>>>

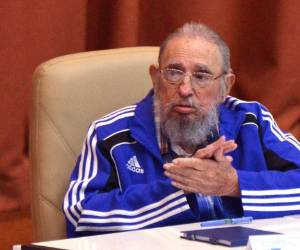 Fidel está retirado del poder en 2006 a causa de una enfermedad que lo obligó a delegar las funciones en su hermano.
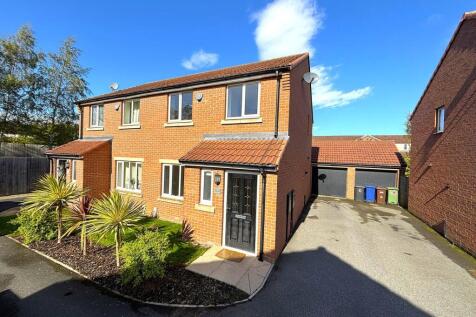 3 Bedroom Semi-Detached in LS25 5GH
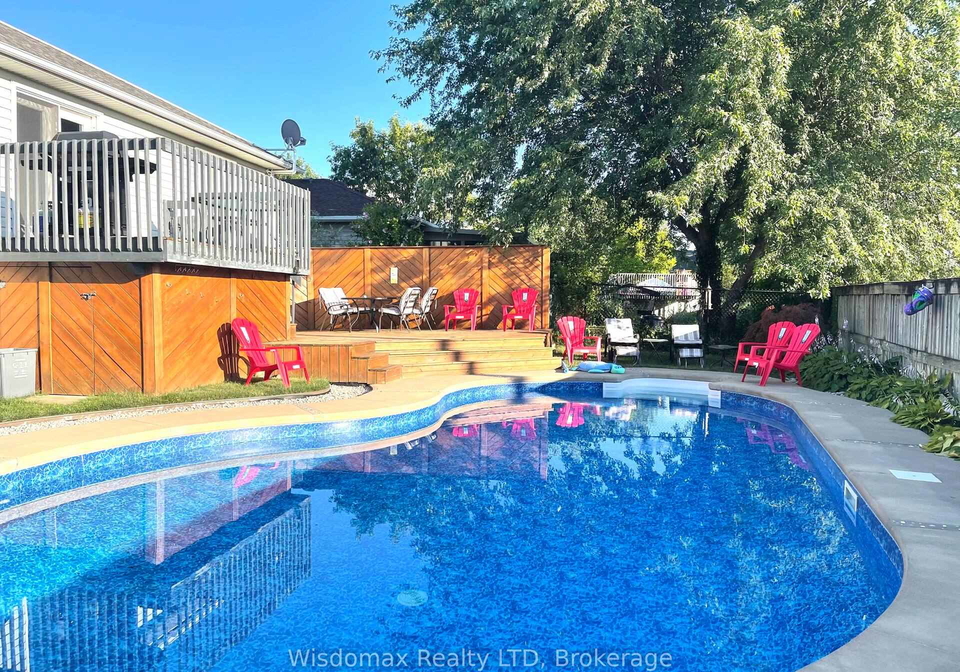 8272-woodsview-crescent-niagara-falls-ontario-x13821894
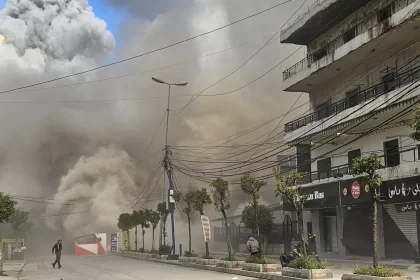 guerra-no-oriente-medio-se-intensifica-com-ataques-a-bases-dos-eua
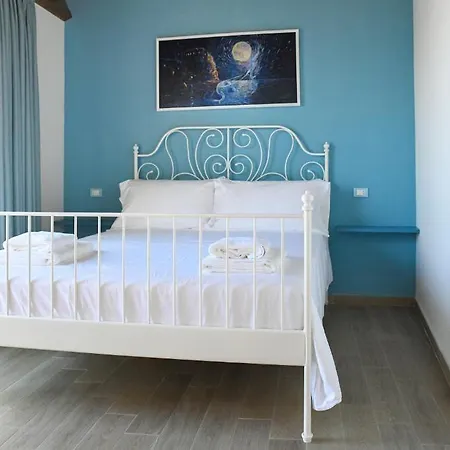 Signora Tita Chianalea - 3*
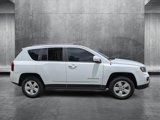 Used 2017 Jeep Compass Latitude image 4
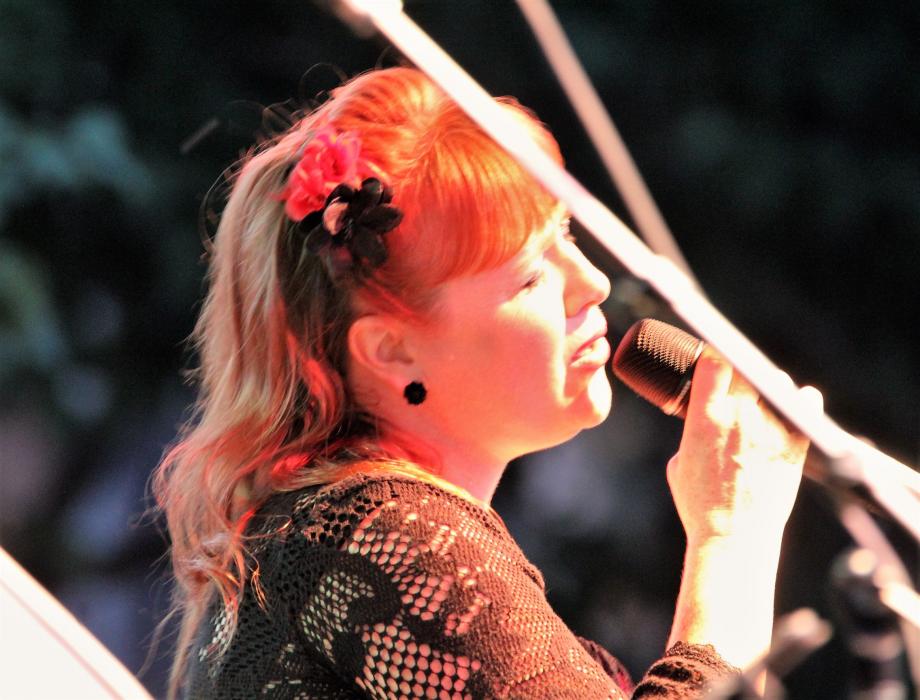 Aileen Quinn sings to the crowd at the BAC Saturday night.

<<<

## WHAT YOU HAVE TO DO
Please transcribe exactly the lines from the one containing "Used 2017 Jeep Compass Latitude image 4" through the final line of the data, including both, and nothing else. Pictures are to be left out.

## RESULT OF THE EXERCISE
 Used 2017 Jeep Compass Latitude image 4
 Aileen Quinn sings to the crowd at the BAC Saturday night.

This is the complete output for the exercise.